* _Task statement_
When a line of the entries contains "Image", please list that line.

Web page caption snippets
§
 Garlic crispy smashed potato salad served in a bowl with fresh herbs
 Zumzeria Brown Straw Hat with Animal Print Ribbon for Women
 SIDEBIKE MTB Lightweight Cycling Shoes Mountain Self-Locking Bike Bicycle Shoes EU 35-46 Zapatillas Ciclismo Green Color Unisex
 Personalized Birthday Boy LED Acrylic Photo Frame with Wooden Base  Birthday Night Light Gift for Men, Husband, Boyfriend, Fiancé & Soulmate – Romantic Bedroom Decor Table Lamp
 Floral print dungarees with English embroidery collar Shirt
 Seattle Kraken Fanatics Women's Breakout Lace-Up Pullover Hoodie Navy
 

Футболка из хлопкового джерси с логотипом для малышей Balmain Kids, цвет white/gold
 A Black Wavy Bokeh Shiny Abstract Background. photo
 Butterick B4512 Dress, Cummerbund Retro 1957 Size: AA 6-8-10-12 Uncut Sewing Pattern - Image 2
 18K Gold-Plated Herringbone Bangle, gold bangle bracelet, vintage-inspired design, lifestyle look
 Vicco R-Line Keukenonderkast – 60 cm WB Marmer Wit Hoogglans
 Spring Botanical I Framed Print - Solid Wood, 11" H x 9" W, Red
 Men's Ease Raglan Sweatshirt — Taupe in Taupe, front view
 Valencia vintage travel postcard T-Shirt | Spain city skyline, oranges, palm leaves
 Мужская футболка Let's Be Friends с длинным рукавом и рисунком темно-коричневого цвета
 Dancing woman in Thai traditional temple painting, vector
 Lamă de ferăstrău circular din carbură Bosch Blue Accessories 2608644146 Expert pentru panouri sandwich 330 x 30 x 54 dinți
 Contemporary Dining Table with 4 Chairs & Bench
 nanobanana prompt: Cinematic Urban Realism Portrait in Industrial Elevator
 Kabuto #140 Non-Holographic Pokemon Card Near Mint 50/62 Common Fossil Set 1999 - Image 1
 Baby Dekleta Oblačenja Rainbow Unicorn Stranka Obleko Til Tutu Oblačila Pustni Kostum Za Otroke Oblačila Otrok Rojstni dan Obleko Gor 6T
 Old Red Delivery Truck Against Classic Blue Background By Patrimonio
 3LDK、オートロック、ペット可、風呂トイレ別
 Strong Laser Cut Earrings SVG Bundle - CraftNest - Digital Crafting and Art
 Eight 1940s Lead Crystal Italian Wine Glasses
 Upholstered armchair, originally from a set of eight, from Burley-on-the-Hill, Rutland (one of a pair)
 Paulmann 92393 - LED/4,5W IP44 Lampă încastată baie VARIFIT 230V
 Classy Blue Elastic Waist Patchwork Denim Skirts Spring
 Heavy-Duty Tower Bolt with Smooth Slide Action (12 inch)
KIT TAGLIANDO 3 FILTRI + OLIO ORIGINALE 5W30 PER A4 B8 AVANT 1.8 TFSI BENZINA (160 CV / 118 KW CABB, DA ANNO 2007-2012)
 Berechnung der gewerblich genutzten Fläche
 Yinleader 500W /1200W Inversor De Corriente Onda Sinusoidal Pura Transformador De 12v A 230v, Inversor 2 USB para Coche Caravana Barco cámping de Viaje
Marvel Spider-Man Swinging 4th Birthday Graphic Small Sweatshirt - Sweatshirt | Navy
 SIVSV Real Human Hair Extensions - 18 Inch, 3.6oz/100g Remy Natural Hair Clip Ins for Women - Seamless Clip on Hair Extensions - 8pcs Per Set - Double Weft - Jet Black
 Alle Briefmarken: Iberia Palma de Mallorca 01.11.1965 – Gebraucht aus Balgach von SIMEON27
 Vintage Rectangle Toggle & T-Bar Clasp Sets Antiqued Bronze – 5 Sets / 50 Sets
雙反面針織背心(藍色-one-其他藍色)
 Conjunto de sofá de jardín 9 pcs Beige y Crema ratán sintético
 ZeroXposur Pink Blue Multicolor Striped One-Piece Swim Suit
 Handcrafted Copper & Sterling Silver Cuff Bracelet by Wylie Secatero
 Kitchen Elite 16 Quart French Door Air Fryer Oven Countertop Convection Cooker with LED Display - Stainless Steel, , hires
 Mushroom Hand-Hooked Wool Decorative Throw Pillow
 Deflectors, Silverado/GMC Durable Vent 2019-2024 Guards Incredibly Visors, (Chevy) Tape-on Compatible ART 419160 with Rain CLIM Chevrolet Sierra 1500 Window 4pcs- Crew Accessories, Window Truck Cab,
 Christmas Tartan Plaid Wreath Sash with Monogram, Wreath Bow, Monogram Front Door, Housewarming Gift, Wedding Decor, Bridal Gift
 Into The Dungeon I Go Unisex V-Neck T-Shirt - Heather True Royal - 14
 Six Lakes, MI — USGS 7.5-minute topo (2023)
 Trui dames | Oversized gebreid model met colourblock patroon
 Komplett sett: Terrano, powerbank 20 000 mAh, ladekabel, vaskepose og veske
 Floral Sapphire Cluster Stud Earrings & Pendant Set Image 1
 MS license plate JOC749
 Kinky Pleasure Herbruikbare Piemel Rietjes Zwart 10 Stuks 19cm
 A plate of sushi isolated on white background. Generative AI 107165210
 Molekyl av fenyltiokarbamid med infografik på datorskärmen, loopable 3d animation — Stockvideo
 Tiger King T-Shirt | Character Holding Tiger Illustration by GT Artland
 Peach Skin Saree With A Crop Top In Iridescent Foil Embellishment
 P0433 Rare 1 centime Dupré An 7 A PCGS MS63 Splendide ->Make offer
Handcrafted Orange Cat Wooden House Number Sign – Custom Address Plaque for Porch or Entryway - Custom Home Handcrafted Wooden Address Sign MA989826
§
* _Task response_
 Butterick B4512 Dress, Cummerbund Retro 1957 Size: AA 6-8-10-12 Uncut Sewing Pattern - Image 2
 Kabuto #140 Non-Holographic Pokemon Card Near Mint 50/62 Common Fossil Set 1999 - Image 1
 Floral Sapphire Cluster Stud Earrings & Pendant Set Image 1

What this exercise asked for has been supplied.